Cela faisait bien 12 ans (date de mon exil en terres lyonnaises) que je ne m’étais pas rendu au Trabendo. Je me fraye un chemin entre les files allant vers la Philharmonie de Paris et celle, impressionnante, pour le concert de Georgio au Zenith afin de retrouver une de mes salles favorites. Peu de choses ont changé depuis mon dernier passage, si ce n’est l’ajout appréciable d’écriteaux rigolos, de hot dogs vegans et de stickers transpédégouines: le Trabendo est toujours cette excellente salle de concert bizarrement asymétrique avec sa rampe qui ressemble à un musée d’art moderne.
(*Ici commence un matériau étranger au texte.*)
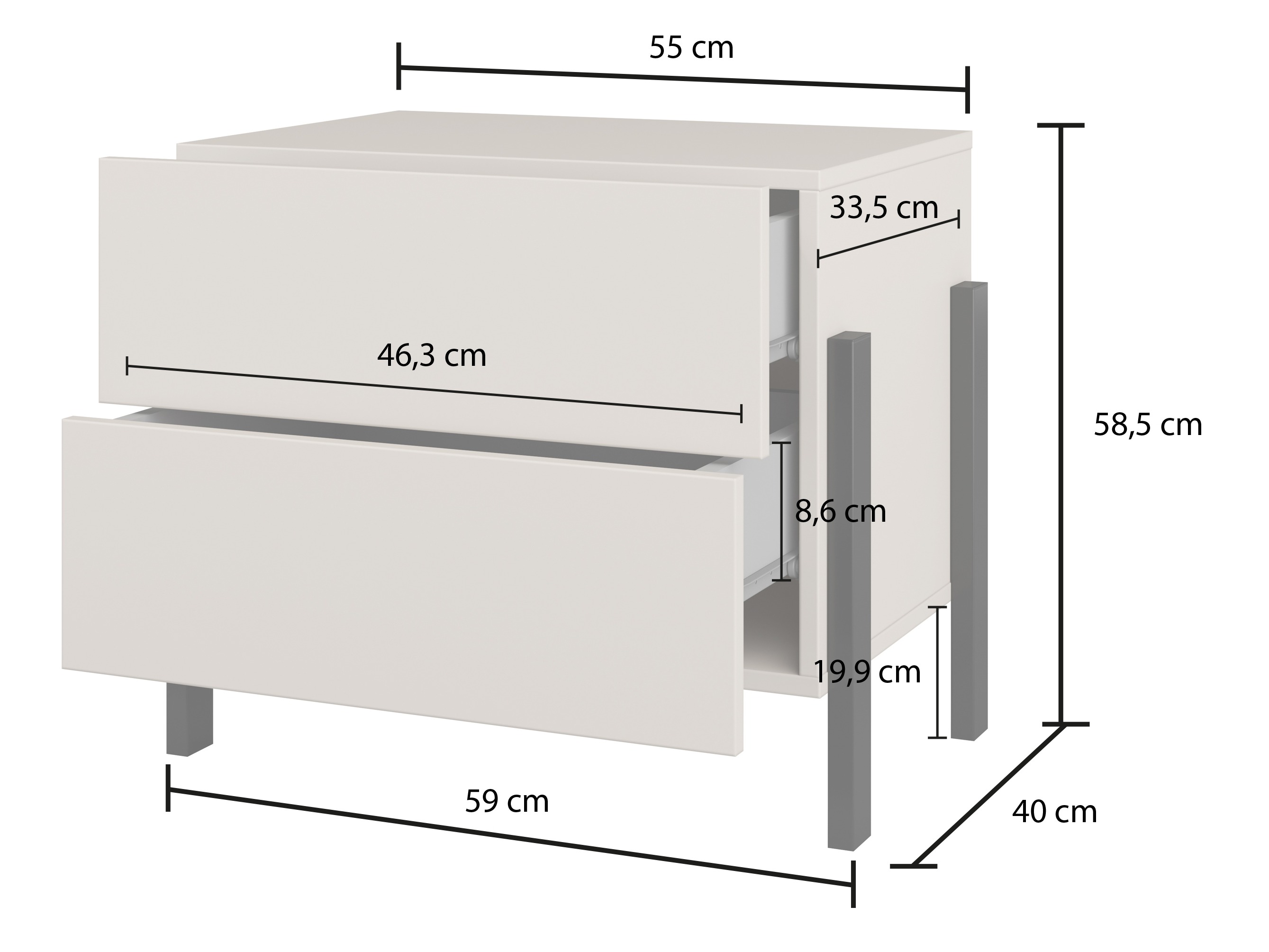 Hálószoba garnitúra Etsore 116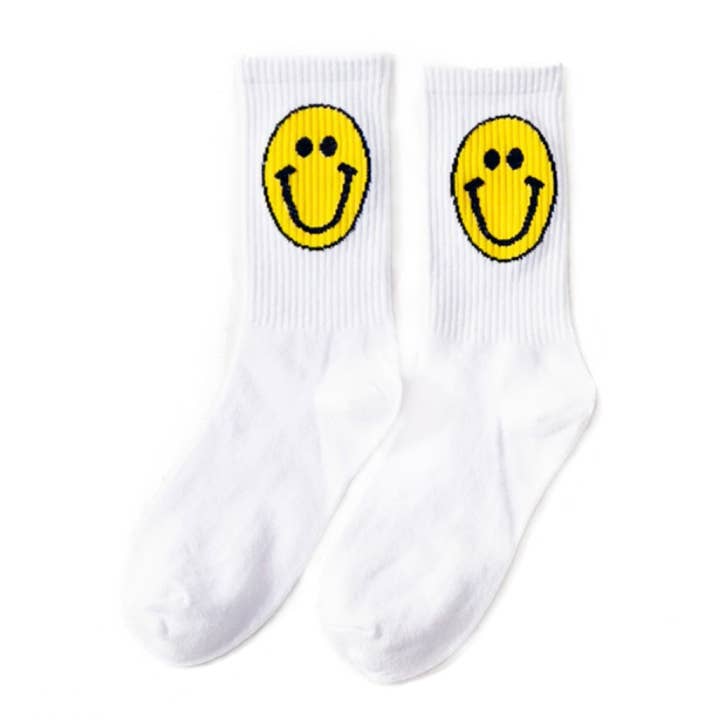 Malibu Sugar - Wholesale Socks - Kids - Happy Face Socks for Girls Cute Christmas 2025 Gift1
Nous sommes encore en petit comité quand les néerlandaises de The Klittens arrivent sur la pointe des pieds. Si les 5 filles qui composent le groupe semblent timides au moment de s’adresser au public, elles déploient sans mal leur musique évoquant tout autant la pop indé minimaliste de leurs compatriotes Voicst que le mouvement riot grrrl, un mix qui les rapproche de (feu?) Lemuria. Les 30 minutes du set se savourent tel un apéritif convivial – avec un bonus exotique à l’image ce titre interprété en allemand avec un fameux accent flamand, un vrai petit bonbon pour mes oreilles.
Après un entracte rapide qui voit l’intervention d’une régie majoritairement féminine, les Otoboke Beaver débarquent dans leurs robes à fleur ajustées tout droit sorties des années 60. La curiosité du jour que représentent les 4 japonaises a attiré nombre de vieux punks et de nipponophiles (je suis bi-classé) mais ce n’est clairement pas ce soir qu’on fera péter la jauge de la salle. Pas de tour de chauffe néanmoins, la foule est immédiatement chauffée à blanc par l’immense énergie des premiers titres malgré un son de basse un poil trop prononcés en façade.
On pourrait décrire le style musical de Otoboke Beaver comme un maelstrom punk garage qui fait penser à The Hives période Barely Legal, où aucun motif ne durerait plus de 45 secondes. Cela implique une avalanche de breaks et des changements de rythmes radicaux avec des pointes de vitesse à la limite du blast qui succèdent à des interludes pop folk enjouées. Guidé par le contraste ludique entre la puissante voix lead claire et les chœurs plus rauques de la guitariste, ce bordel constant demande tout de même une sacrée technicité surtout au niveau de la batterie. L’enchaînement était tel qu’à un moment je me demande si je n’assiste pas à un concert de mathcore…
Douce soirée japonaise ce soir au Trabendo avec les Otoboke Beaver ! pic.twitter.com/rtbu8xKgcz
— Etienne Mineur (@etienne_mineur) May 13, 2023
Je ne retiens évidemment aucune mélodie mais c’est vraiment fun d’assister à un tel spectacle. Otoboke Beaver maîtrise l’art du contrepied quand il s’agit d’interaction avec le public: l’ambiance du concert oscille tout du long entre joie communicative et vent glacial. On ne pourra pas accuser la barrière de la langue vu que le dialogue incombait surtout à la guitariste qui usait d’un anglais assez compréhensible. Les premiers échanges scène / public sont chaleureux – la guitariste sus nommée se jette dans la foule au moment de présenter des musiciennes – mais les choses se gâtent quand le groupe s’immobilise, attendant visiblement le silence pour reprendre le set.
Après deux bonnes minutes d’invectives en tous genres donc un “Macron Démission” repris dans quasi tout le public, les japonaises comprennent que nous sommes un peuple qui ne ferme pas sa gueule si facilement. S’ensuit plusieurs passages passif agressif entre la salle qui s’agace des injonctions au silence et le quatuor qui s’impatiente à chaque coupure mais qui garde un enthousiasme jamais démenti. Mon moment préféré est celui où la chanteuse raconte joyeusement sa découverte de la gastronomie française entre deux distributions de doigts d’honneurs à toute la fosse, visage fermé. A moins que ce soit cet instant improbable pendant lequel elle pique la montre d’un type au premier rang et la jette loin dans la fosse.
Vous voulez un rappel ? Voici un mini morceau de 20 secondes (littéralement) et rideau, non sans une photo commémorative et un dernier doigt d’honneur en guise d’au revoir. Musique furibarde et atmosphère bizarre: Je voulais un concert surprenant, j’en ai eu pour mon argent.